Extracted data entries:
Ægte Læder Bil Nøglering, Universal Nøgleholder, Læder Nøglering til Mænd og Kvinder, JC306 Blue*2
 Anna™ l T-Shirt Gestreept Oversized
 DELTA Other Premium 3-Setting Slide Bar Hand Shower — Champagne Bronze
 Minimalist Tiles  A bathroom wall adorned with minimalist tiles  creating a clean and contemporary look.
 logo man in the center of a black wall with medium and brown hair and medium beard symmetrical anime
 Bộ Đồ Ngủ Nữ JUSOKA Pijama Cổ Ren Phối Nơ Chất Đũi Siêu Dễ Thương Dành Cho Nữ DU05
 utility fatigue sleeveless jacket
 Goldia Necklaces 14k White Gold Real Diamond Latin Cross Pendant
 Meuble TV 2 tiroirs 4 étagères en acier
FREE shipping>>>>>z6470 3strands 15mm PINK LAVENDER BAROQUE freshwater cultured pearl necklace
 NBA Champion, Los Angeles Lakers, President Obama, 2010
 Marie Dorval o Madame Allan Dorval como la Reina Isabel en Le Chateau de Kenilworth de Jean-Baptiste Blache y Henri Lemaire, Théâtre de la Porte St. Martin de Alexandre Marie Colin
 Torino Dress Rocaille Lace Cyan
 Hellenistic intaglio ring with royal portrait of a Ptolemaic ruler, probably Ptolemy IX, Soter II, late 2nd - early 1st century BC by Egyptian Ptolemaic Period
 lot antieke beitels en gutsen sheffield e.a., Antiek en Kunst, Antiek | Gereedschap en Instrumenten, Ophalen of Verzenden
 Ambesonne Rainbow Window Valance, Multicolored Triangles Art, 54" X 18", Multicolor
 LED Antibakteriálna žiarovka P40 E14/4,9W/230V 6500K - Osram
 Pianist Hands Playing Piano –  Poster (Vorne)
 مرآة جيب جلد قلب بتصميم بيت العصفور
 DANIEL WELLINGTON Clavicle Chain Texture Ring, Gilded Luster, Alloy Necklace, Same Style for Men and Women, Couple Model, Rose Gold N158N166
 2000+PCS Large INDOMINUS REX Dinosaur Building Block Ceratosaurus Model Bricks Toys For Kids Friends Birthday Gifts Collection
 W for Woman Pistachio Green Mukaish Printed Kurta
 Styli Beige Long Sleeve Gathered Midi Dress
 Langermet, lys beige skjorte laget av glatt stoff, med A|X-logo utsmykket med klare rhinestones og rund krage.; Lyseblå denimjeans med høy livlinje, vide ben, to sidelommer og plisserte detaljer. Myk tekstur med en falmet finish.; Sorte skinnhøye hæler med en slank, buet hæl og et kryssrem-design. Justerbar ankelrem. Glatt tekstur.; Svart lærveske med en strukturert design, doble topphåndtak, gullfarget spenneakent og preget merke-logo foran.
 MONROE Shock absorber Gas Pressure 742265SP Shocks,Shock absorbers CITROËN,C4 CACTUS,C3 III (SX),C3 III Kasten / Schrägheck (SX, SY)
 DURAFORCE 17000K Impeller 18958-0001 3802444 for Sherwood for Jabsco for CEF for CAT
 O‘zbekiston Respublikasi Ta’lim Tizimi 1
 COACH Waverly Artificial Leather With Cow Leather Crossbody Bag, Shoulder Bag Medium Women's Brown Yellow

• **What this task involves**
Where a line of the data contains "Gold", copy that line.

• **Written solution**
 Goldia Necklaces 14k White Gold Real Diamond Latin Cross Pendant
 DANIEL WELLINGTON Clavicle Chain Texture Ring, Gilded Luster, Alloy Necklace, Same Style for Men and Women, Couple Model, Rose Gold N158N166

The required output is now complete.